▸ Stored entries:
━━━━
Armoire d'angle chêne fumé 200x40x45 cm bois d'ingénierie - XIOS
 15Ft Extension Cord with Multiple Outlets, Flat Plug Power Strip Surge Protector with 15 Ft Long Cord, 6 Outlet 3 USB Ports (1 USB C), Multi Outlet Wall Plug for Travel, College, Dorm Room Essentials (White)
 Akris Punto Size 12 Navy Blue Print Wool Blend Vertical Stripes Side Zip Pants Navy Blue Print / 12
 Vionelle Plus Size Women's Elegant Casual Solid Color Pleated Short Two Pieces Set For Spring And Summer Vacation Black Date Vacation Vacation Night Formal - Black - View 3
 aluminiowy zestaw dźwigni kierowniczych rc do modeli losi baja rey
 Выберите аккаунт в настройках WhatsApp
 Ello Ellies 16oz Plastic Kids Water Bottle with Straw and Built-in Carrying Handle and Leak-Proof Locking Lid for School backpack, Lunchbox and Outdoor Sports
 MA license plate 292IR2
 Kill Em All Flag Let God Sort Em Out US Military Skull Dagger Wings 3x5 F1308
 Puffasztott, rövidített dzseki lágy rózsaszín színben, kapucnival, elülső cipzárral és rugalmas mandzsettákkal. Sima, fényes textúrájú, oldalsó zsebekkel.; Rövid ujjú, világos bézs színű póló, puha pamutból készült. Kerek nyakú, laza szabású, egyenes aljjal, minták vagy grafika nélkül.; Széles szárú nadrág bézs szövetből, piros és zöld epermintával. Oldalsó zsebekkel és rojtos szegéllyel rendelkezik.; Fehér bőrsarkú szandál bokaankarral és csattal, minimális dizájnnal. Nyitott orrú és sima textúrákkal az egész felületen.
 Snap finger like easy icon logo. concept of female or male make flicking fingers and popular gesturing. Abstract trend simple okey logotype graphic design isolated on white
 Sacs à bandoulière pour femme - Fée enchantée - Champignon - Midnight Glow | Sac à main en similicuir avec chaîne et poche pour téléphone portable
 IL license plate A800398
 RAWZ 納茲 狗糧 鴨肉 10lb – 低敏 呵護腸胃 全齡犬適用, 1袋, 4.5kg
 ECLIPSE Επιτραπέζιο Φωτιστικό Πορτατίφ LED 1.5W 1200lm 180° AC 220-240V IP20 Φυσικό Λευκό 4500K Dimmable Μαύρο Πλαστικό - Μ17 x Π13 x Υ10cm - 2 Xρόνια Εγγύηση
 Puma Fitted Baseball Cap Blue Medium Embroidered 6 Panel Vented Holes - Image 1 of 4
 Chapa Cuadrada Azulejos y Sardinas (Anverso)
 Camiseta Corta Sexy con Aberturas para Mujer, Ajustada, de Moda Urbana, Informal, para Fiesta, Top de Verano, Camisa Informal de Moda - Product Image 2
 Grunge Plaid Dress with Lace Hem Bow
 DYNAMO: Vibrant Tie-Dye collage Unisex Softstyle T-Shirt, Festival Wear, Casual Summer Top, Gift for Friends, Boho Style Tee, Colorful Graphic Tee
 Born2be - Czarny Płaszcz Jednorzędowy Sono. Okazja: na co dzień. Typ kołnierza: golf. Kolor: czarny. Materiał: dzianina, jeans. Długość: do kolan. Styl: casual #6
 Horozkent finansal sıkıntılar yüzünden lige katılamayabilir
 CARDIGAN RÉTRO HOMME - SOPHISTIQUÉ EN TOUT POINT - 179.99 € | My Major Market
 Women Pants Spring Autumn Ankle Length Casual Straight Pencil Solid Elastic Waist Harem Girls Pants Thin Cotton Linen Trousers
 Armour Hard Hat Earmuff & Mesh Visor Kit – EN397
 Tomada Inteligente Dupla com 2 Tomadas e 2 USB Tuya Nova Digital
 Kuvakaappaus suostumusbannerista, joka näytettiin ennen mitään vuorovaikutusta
━━━━
▸ ASSIGNMENT:
Reproduce exactly the section above that begins at the line containing "ECLIPSE Επιτραπέζιο Φωτιστικό" and ends at the line containing "Puma Fitted Baseball", leaving out all other lines.

▸ COMPLETED EXERCISE:
 ECLIPSE Επιτραπέζιο Φωτιστικό Πορτατίφ LED 1.5W 1200lm 180° AC 220-240V IP20 Φυσικό Λευκό 4500K Dimmable Μαύρο Πλαστικό - Μ17 x Π13 x Υ10cm - 2 Xρόνια Εγγύηση
 Puma Fitted Baseball Cap Blue Medium Embroidered 6 Panel Vented Holes - Image 1 of 4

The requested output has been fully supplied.